Given entries
<<<<

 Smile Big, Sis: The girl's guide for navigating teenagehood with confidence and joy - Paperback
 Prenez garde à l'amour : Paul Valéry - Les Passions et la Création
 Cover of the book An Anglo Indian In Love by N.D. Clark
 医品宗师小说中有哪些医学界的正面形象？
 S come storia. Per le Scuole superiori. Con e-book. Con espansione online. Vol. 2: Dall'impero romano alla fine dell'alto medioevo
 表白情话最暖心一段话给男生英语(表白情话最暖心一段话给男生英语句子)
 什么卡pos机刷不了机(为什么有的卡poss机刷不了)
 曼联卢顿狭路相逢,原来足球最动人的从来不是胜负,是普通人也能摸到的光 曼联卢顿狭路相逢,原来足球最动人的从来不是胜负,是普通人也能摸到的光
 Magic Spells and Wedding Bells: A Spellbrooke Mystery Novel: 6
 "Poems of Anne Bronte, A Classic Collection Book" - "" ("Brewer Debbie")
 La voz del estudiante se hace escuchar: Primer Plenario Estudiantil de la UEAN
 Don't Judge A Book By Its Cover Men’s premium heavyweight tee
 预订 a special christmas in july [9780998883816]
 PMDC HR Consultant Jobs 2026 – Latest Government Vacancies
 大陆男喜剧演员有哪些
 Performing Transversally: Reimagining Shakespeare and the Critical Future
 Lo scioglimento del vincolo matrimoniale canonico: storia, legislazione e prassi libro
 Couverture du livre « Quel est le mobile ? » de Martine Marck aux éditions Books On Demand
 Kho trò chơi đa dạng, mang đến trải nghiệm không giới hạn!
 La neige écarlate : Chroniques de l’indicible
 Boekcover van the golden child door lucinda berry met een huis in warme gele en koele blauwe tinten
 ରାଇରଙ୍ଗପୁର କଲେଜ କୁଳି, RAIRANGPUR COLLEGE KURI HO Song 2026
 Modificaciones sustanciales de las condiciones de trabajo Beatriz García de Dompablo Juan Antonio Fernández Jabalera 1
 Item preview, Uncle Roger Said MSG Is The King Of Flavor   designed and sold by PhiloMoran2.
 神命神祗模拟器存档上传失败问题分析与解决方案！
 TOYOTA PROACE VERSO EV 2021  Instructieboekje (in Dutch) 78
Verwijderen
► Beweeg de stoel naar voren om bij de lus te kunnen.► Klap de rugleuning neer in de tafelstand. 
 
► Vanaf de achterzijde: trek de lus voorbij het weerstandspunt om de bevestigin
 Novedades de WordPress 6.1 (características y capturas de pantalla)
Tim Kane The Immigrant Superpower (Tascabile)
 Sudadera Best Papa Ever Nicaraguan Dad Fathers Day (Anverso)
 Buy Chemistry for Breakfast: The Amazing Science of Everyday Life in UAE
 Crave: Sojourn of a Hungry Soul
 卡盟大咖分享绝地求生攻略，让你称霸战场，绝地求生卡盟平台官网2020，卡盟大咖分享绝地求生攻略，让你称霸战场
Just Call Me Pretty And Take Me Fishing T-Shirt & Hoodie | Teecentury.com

>>>>

Exercise instructions
Figure out the number of lines above in which the string "storia" appears. Only the number should be given.

Expected output
2